Sports injuries are broadly classified into either traumatic/acute injuries or overuse injuries. Traumatic injuries account for most injuries in contact sports, such as bruises, fractures and head injuries, whereas overuse injuries tend to include muscle strains from repetitive action. But, according to the National Sports Medicine Institute (NSMI), the most common cause of a sports injury is ‘the failure to warm-up sufficiently before beginning strenuous activity.’ It is also just as important to cool down the muscles after any activity to return your heart rate back to normal.
The future on foot?
The better we all look after our health and wellbeing, the more we can hope to get the most out of life. Exercise and physical activity can play a crucial role in how you feel about yourself, your health and well-being, but it may be wise to start slowly. Checking with a medical professional and carefully preparing for your chosen sport can reduce unnecessary risk that may otherwise negatively impact your career.

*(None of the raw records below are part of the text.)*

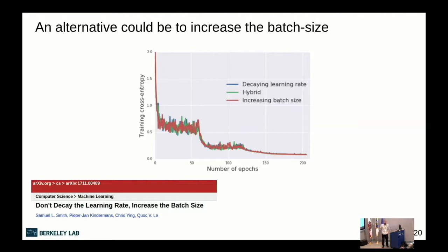The basic idea is that decaying the learning rate and increasing the batch size both reduce the noise in stochastic gradient descent. By increasing the batch size instead, you can parallelize the process — for example, going from batch size 10 to 100 lets you use 10 GPUs simultaneously, finishing training faster. It's about wall-clock time.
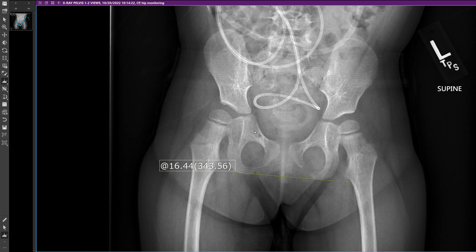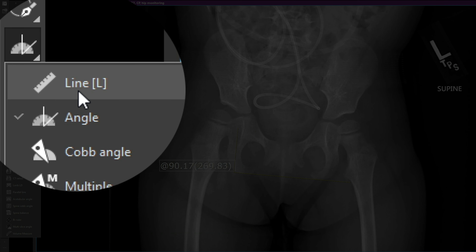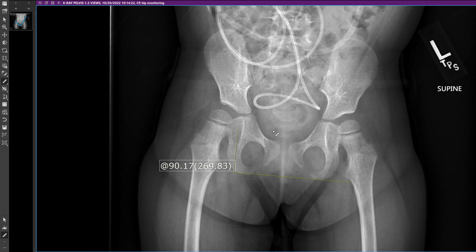I go ahead and make an angle that's about 90 degrees, as close as I can — close enough. Then I make six parallel lines. I go back to the line tool and draw six lines parallel to that angle.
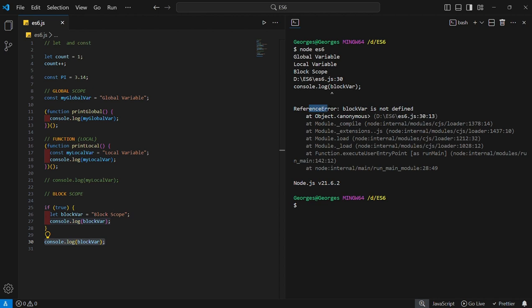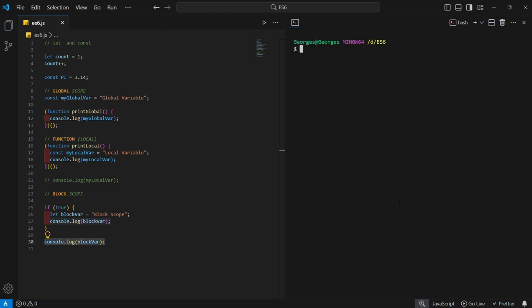Variables declared with let or const can be function-scoped, block-scoped, or globally scoped if declared outside a function or block. Scope is used to delimit or restrict access to a variable, or to enable you to redefine a variable using the same name in different scopes or different parts of code. That's it for variables and scopes.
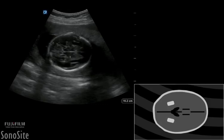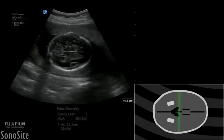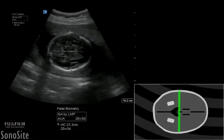The biparietal diameter is measured at the greatest width of the fetal head in an ear-to-ear fashion by placing the calipers from the outer edge of the proximal parietal bone to the inner edge of the distal parietal bone.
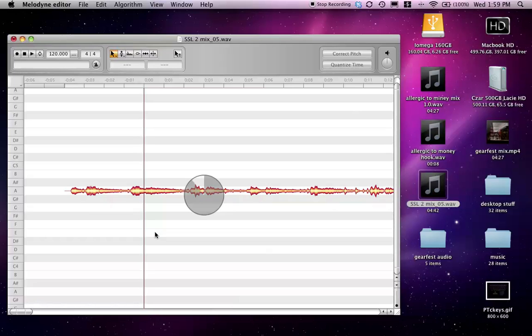You can pick up Melodyne Editor from Sweetwater — it's $299. They have a $199 version, which I believe is just a plug-in, but for a hundred more dollars the $299 version gives you a standalone program and you get to use it as a plug-in that works with Audio Unit, RTAS, and VST as well. And this is what I'm using as the standalone right now.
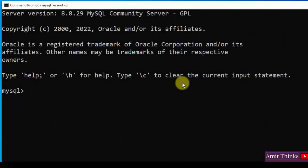So guys, in this video we saw how we can easily reset our MySQL password on Windows 10. If you liked the video, do subscribe to our channel, Amit Thinks.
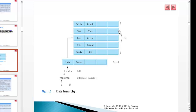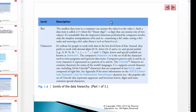Bits are the smallest data item in a computer and can be assigned only the value zero or one — short for binary digit. Characters include decimal digits, letters, and special symbols. The computer's character set is the set of all available characters; Unicode contains characters for most of the world's languages, and C++ supports several character sets including 16-bit Unicode.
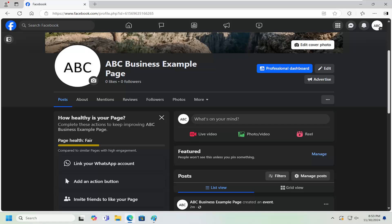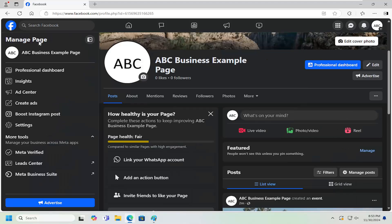First thing you want to do is navigate over to your Facebook business page and select the show menu at the top left to expand the menu options.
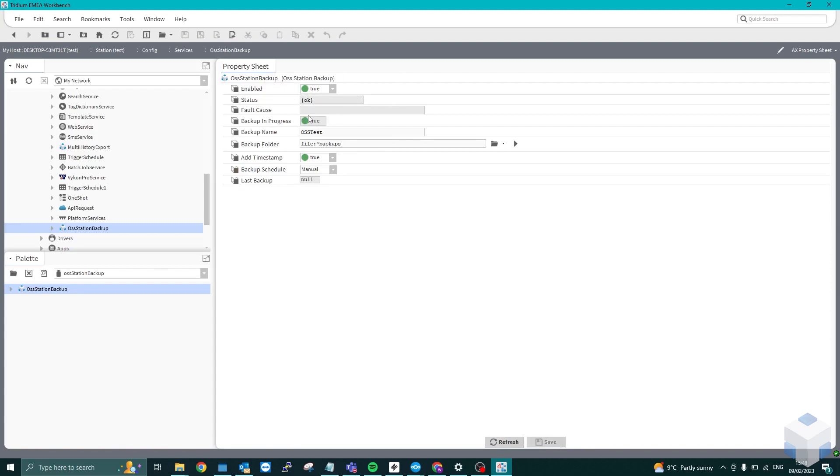As you can see, the backup in progress turns to true, and then it will come up with the last backup, successful backup. So it says 9th of February at 10 to 4 p.m. Cool.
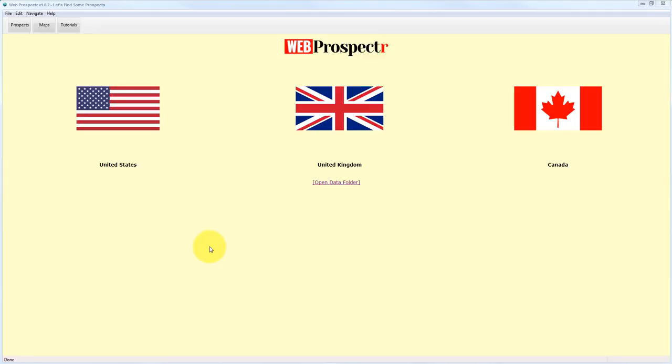So what you see here is my brand new software tool called Web Prospector. I wanted to create a tool that would allow people to really zone in and pinpoint the perfect clients to be able to approach to pitch your digital services to.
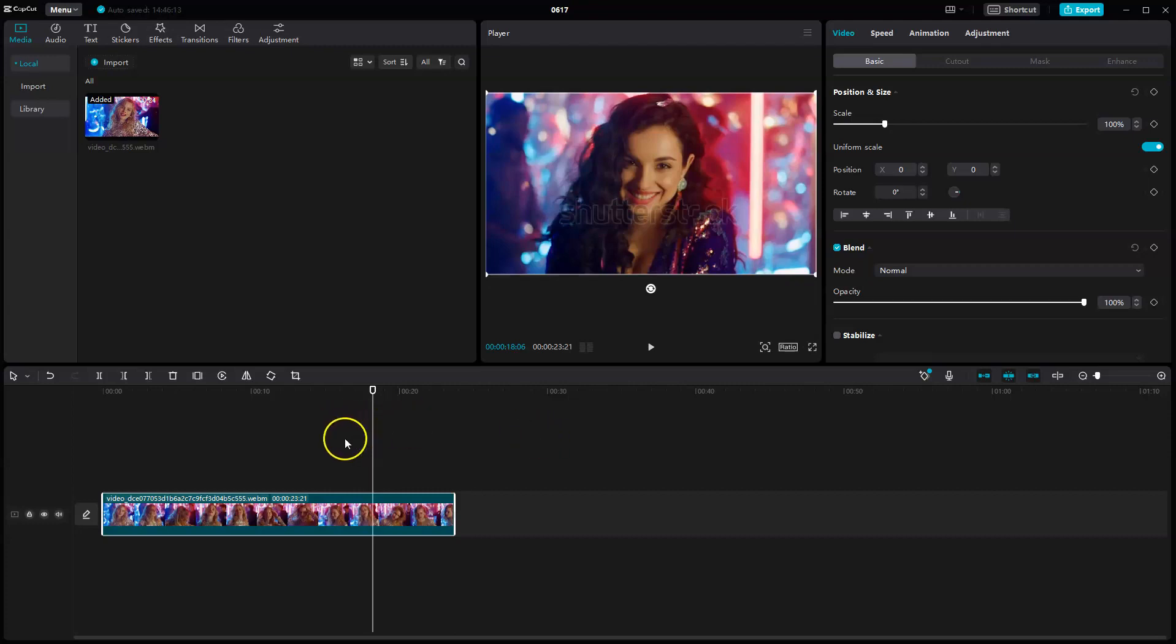Hey guys, in this video I'm going to show you how you can add keyframes in your CapCut videos. Once you've selected your video and dragged and dropped it from your library,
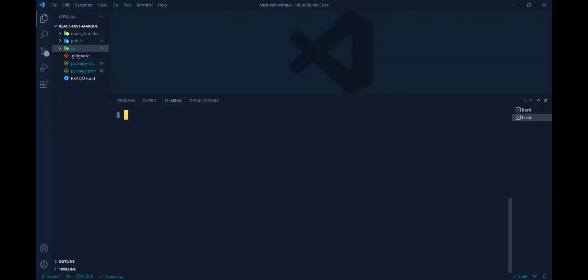To make this kind of animation, you have to create a React template. You can do that by running the command: npx create-react-app. I have already created this template, so I'll skip this part. Please create a template using this command and then give it a project name, like 'react-marquee' or whatever you want.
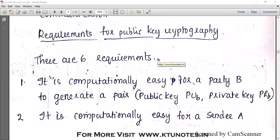Welcome to today's class, which is a continuation of the previous section on the requirements of public key cryptography. There are six requirements. The first one is that it is computationally easy for a party B to generate a key pair: a public key and a private key.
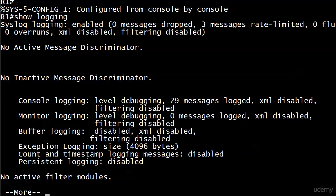We're going to look at two different ways to save messages for later analysis: one being the syslog server, which I mentioned a couple times and we're finally going to configure here, and also buffer logging.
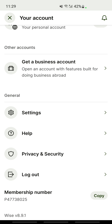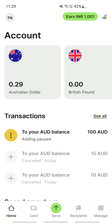Then go to your new device and install Wise on it. Try to log in, and when you do, it might trigger a notification saying a new device has been logged in — either to your registered email address or as a notification on your app.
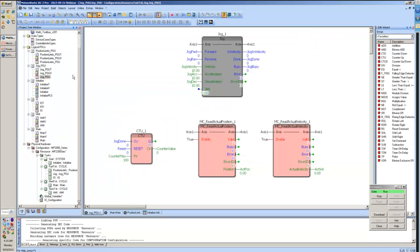Let's take a look at that in action. Here we have the jog function block at the top.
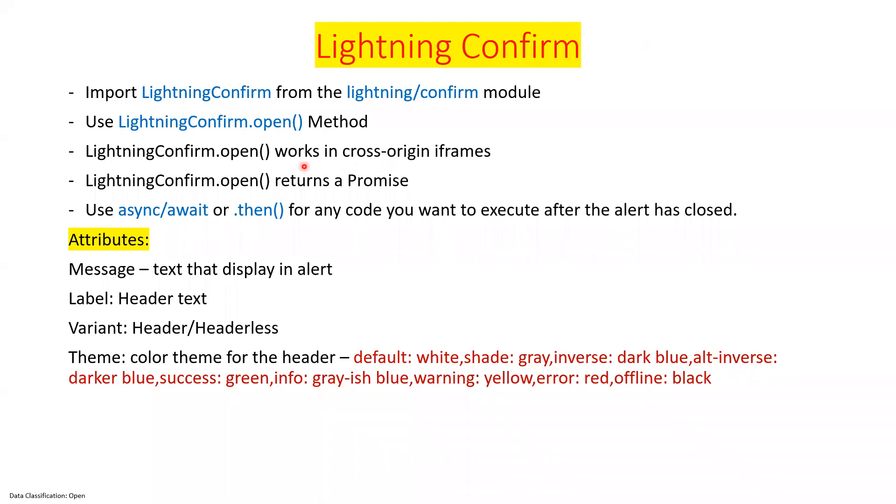In this session, we will talk about how we can build a confirm model or you can say confirm dialog in our lightning app component.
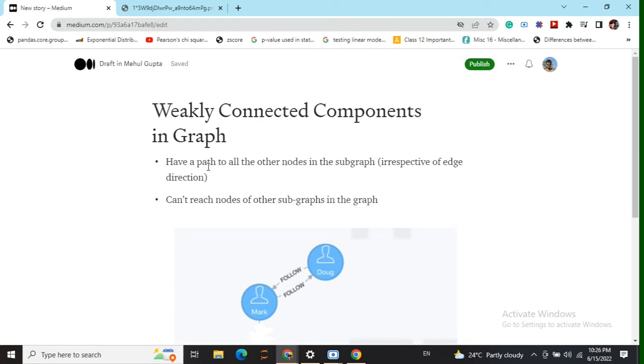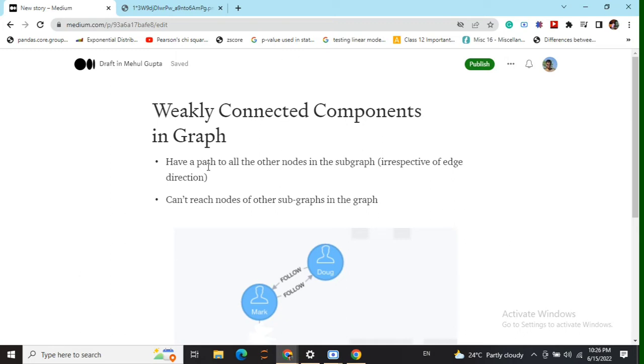We will come to that later when we discuss an example. Second, any node in one component should not be reachable by another node in some different component.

As a result of the pandemic, far more people are likely to be cycling or walking to avoid public transport, supported by the government’s plans to boost greener, active transport. The plan, launched in May, is set to provide pop-up bike lanes with protected space for cycling, wider pavements, safer junctions, and cycle and bus-only corridors as part of a £2 billion investment. So perhaps the pandemic has given rise to a healthier future, it will just be interesting how things change as we go into winter.
You may be missing sailing, diving or skiing with the travel restrictions and are likely to be rusty when you start again, or you may have developed a love for the downhill speed of your new road bike or the freedom of running off-road. Whatever your sport and circumstances, it is worth remembering that the more you can do to be cautious and prevent injuries the greater the chances of avoiding being off work for further periods.